====== LISTED RECORDS

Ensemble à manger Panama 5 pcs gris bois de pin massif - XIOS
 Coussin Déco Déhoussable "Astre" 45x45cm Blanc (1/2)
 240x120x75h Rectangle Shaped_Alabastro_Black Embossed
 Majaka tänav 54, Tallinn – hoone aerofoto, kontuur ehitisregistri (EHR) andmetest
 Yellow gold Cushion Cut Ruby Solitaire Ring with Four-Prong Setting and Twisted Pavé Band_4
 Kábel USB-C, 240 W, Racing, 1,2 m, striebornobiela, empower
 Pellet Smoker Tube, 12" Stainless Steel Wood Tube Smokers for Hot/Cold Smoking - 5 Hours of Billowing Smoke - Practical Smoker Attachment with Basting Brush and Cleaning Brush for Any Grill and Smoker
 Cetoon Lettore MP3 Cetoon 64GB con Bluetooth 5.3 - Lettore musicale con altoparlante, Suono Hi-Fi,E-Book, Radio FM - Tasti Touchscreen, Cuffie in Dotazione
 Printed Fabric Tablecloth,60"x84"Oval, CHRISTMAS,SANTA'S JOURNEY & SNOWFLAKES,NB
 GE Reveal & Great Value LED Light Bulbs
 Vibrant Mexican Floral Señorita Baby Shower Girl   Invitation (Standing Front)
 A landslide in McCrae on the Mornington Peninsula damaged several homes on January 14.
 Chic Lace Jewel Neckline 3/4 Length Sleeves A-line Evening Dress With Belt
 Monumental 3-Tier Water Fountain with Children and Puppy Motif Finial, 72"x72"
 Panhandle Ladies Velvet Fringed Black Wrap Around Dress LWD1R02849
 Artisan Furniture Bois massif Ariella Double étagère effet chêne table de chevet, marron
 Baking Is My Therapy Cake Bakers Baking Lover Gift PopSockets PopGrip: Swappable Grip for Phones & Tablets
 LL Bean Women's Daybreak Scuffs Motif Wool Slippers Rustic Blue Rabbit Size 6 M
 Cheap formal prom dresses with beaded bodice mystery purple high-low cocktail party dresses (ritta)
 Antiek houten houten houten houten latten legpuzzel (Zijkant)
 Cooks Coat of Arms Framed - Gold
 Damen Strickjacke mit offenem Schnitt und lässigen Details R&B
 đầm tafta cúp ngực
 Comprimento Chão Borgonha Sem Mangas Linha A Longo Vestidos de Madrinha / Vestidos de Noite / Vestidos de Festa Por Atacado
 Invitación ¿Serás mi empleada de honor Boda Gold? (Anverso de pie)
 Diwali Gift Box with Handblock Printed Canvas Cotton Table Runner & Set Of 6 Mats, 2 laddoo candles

============

_YOUR ASSIGNMENT_.
With no other words, state how many lines above hold the word "Motif".

_SOLUTION TO THIS PROBLEM_.
2